I think that putting it in writing also has the potential to be an outlet for your thoughts about the treatment, so that you don't get preoccupied with it outside the journal.
> > Umm. You mean, not the chronic hypertension that folks with cardiovascular disease often seem to have?
> no, I'm talking about the "cheese" reaction to MAOs.
The phrase I was confused about was "hypertensive episodes (not hypertension)." When you said "hypertension," did you mean sustained hypertension (as in CV disease)? If not, what did you mean?
> You point (re stimulant actions of Parnate being associated with hypertensive episode) is a good one.
I think of it as the Parnate interacting with itself: it has two different effects that interact. (The stimulant effect has never been confirmed, but there's a lot of suggestive evidence.)
> My pdoc wasn't talking about Parnate though--he meant all MAOs and would expect the same reactions on Nardil for someone who was down regulated.

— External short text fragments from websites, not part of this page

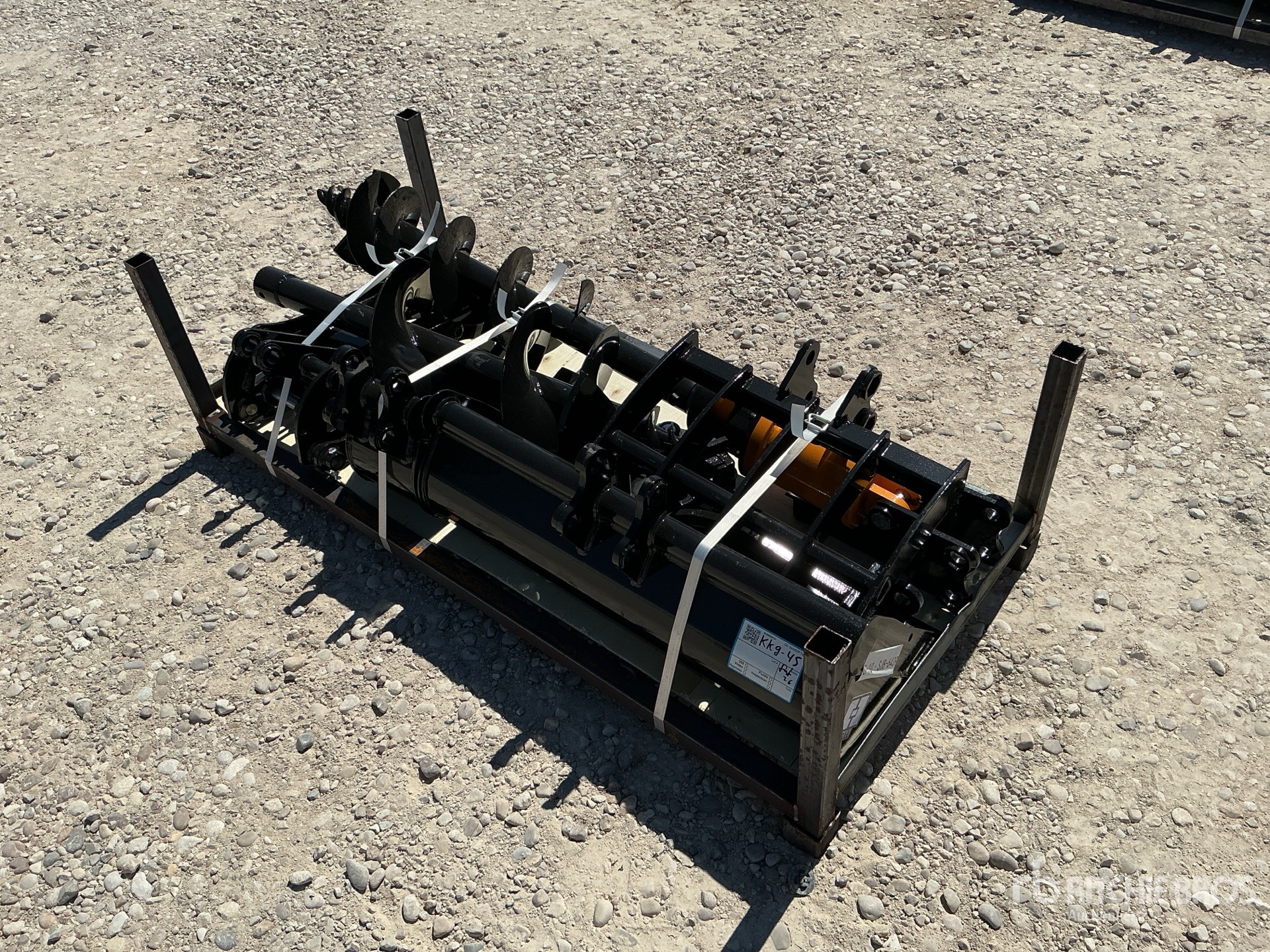 2026 Vicsec VCA-8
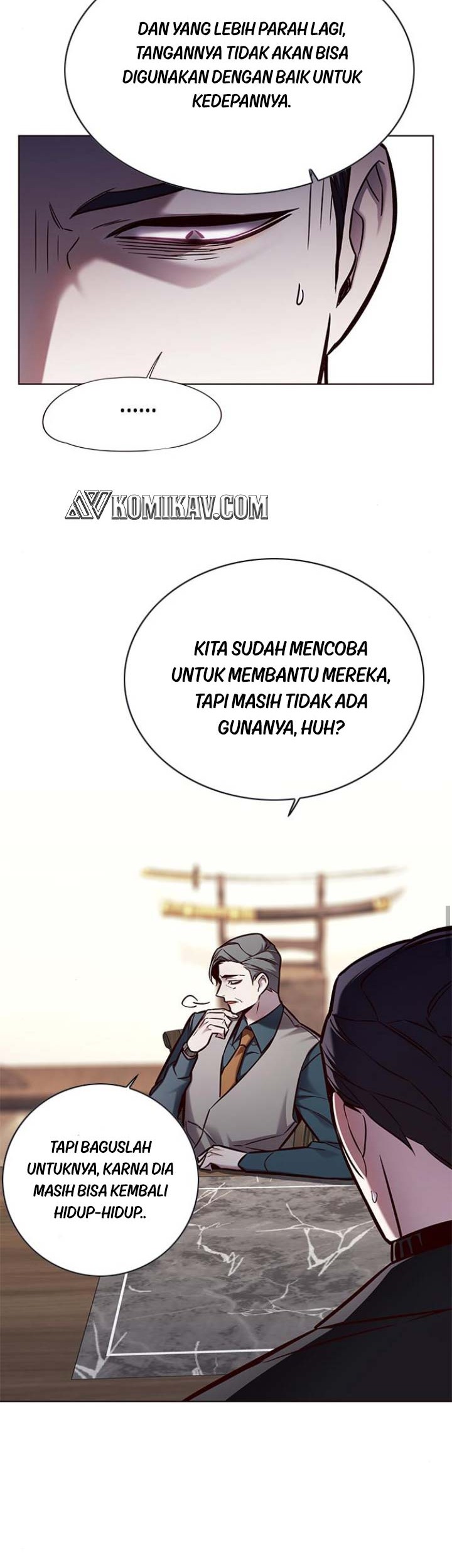 Eleceed Chapter 131 Gambar 37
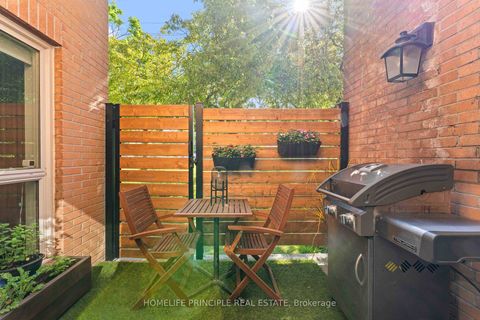 Photo 13 at 1059 - 100 Mornelle Court, Morningside, Toronto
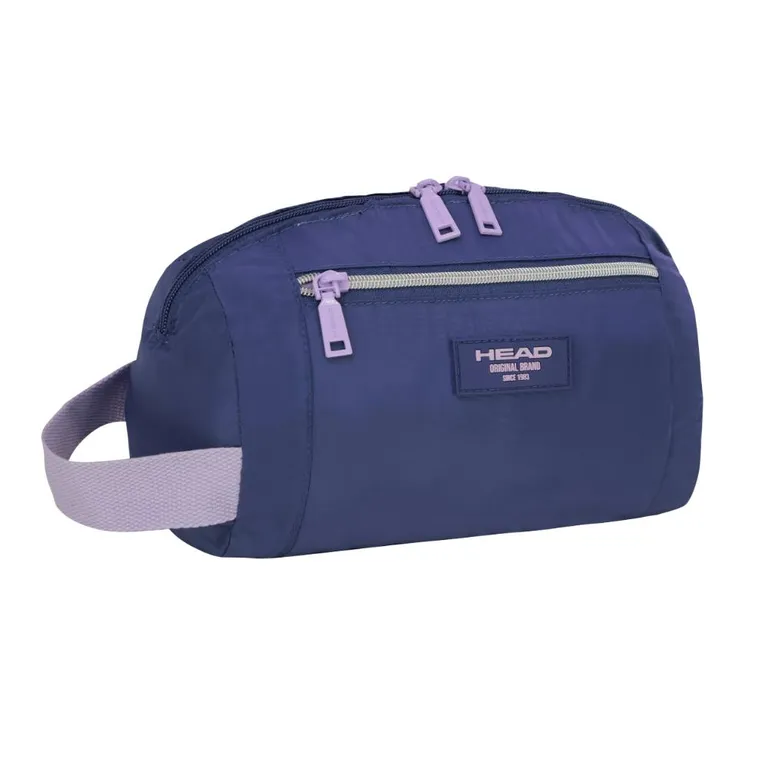 Neceser Cosmetiquero Femenino Bandy Violeta Morado TALLA UNICA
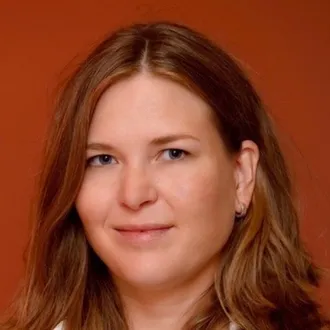 Carin van Zyl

I think Parnate and Nardil are not at all interchangeable. A person can be very tired on one and activated on the other.
> He means that your system may be over or under stimulated to begin with and that this is associated with how you react to the dietary restrictions of MAOs.
I could see that. What does it mean for people like me who tend to be slowed-down and tired but also have a hyperactive startle response?
> > Jack is probably okay; I'd avoid cheddar.
> The cheddar was mild--not significantly aged.
OK, if you have that level of information about it, that's probably fine to use your judgment.
> How many weeks are you on the desipramine now? Your patience is great and may well pay off. Let's hope.
I sure am (hoping).
I started taking DMI on 2 July at 25 mg/day. I got to 100 mg/day (low-end effective dose) on 12 July. So it's been a good while.